Material for this exercise
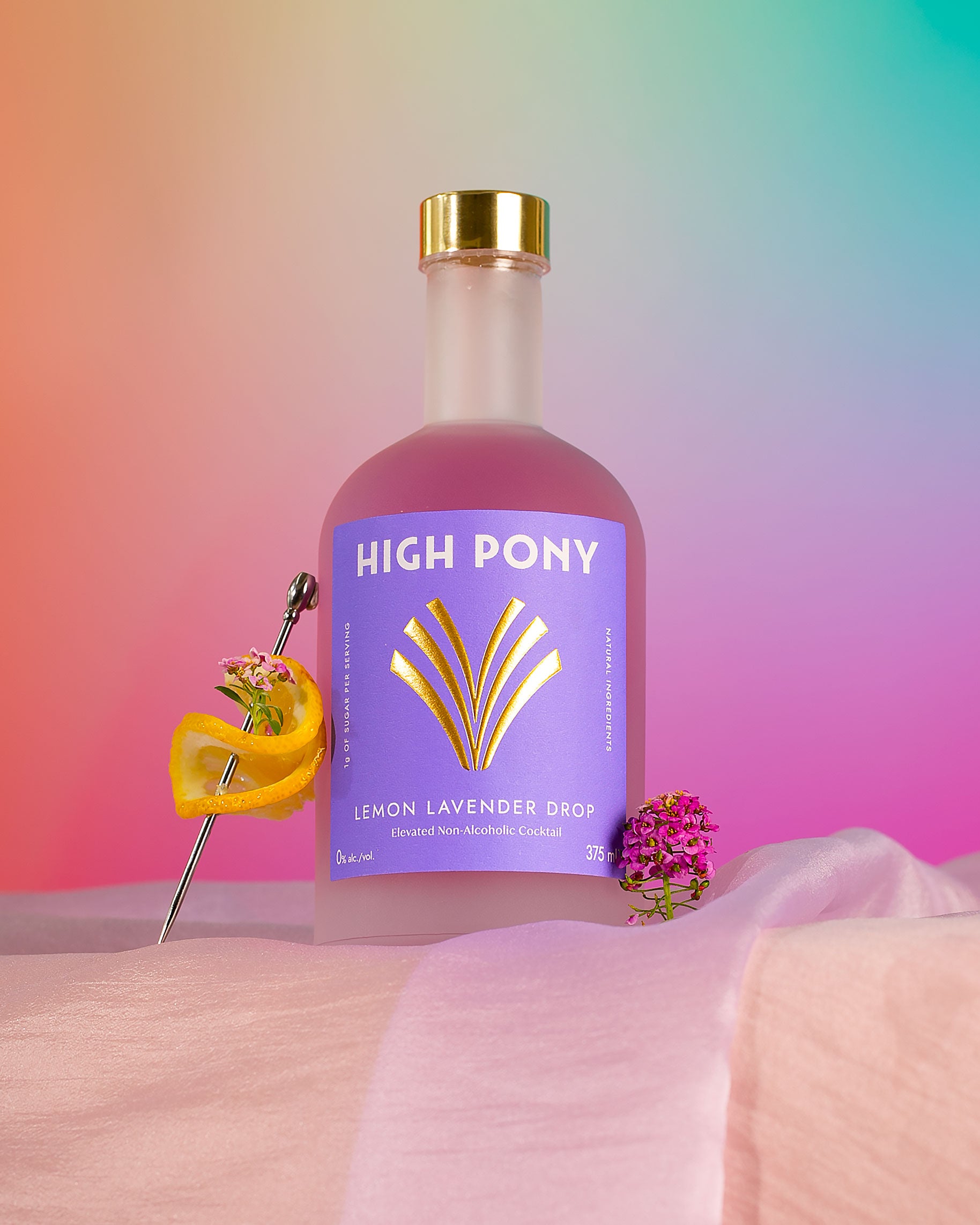 0% Lemon Lavender Drop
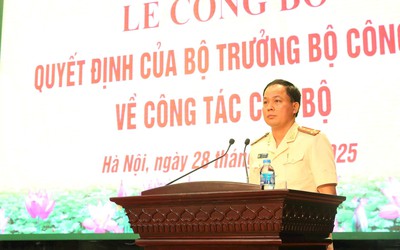 Đại tá Lê Văn Tuân làm Phó Giám đốc Công an Tp.Hà Nội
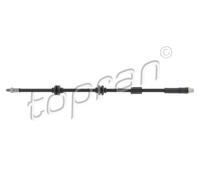 TOPRAN 501 129 Flessibile del freno per BMW
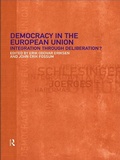 Cover: Democracy in the European Union - Routledge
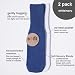 Kids Seamless Crew Socks for Sensory Sensitivity 2 pack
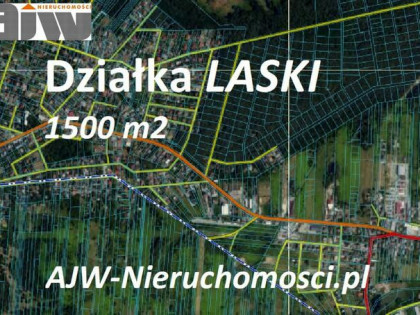 Działka budowlana Laski gm. Izabelin, Laski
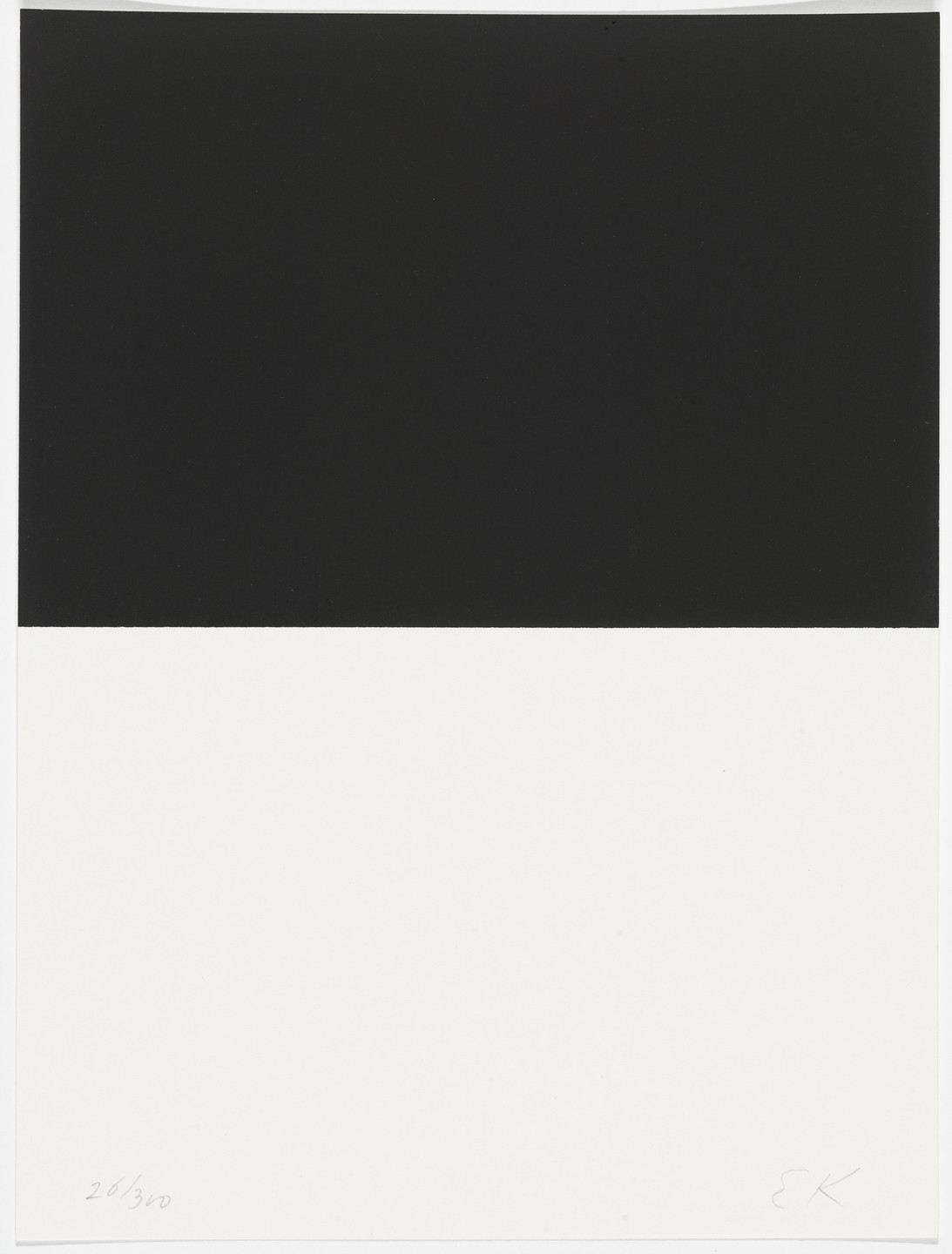 Ellsworth Kelly. Untitled from The New York Collection for Stockholm. 1973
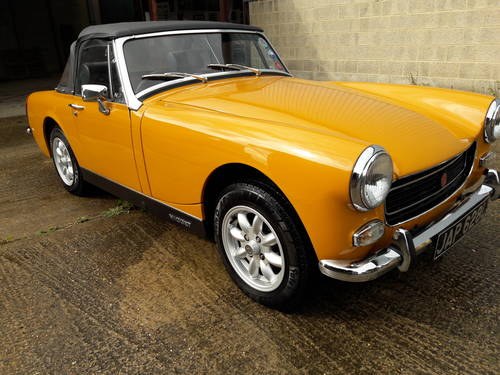 1973 Mike Authers Classics offers a stunning RWA MG Midget MkIII  SOLD
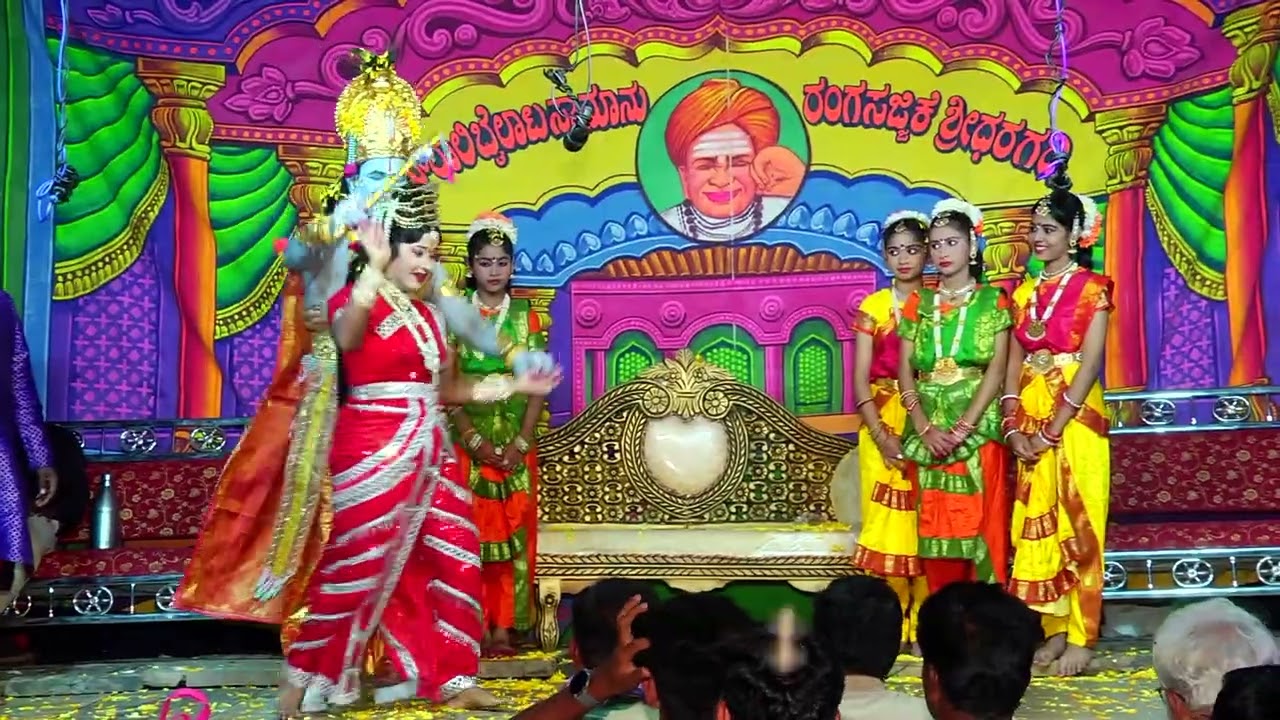 ಬಂಡಿಹಟ್ಟಿ ಗ್ರಾಮದಲ್ಲಿ ನಡೆದ ರತಿ ಕಲ್ಯಾಣ ಎಂಬ ಸುಂದರ ಪೌರಾಣಿಕ ನಾಟಕ 01- 11- 2025 Part 04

Directions for this task
Return each line of the material exactly as written; exclude the pictures.

Answer space
 0% Lemon Lavender Drop
 Đại tá Lê Văn Tuân làm Phó Giám đốc Công an Tp.Hà Nội
 TOPRAN 501 129 Flessibile del freno per BMW
 Cover: Democracy in the European Union - Routledge
 Kids Seamless Crew Socks for Sensory Sensitivity 2 pack
 Działka budowlana Laski gm. Izabelin, Laski
 Ellsworth Kelly. Untitled from The New York Collection for Stockholm. 1973
 1973 Mike Authers Classics offers a stunning RWA MG Midget MkIII  SOLD
 ಬಂಡಿಹಟ್ಟಿ ಗ್ರಾಮದಲ್ಲಿ ನಡೆದ ರತಿ ಕಲ್ಯಾಣ ಎಂಬ ಸುಂದರ ಪೌರಾಣಿಕ ನಾಟಕ 01- 11- 2025 Part 04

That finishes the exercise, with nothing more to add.